> Brief descriptive captions:
-- -- --

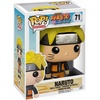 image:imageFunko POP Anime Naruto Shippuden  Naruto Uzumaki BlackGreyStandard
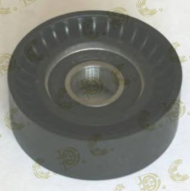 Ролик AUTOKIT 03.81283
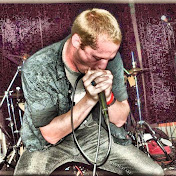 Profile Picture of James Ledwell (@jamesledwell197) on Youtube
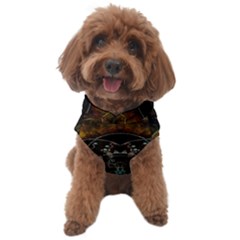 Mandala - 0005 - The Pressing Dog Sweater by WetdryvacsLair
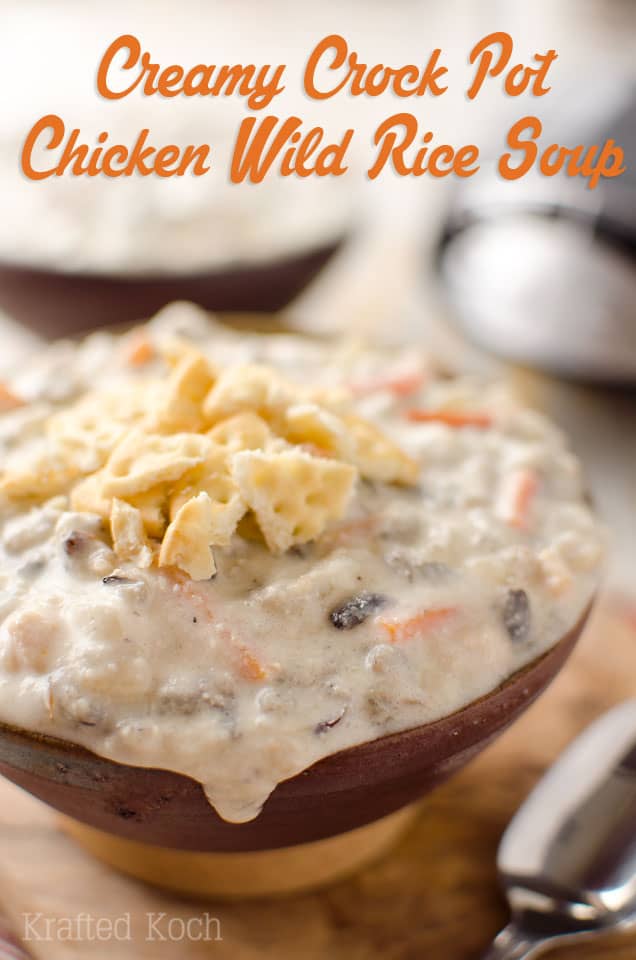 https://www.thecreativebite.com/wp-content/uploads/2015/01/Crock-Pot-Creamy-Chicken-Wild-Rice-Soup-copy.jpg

-- -- --

> Work instruction: Print the entries above exactly, taking out only the pictures.

> Exercise output:
 image:imageFunko POP Anime Naruto Shippuden  Naruto Uzumaki BlackGreyStandard
 Ролик AUTOKIT 03.81283
 Profile Picture of James Ledwell (@jamesledwell197) on Youtube
 Mandala - 0005 - The Pressing Dog Sweater by WetdryvacsLair
 https://www.thecreativebite.com/wp-content/uploads/2015/01/Crock-Pot-Creamy-Chicken-Wild-Rice-Soup-copy.jpg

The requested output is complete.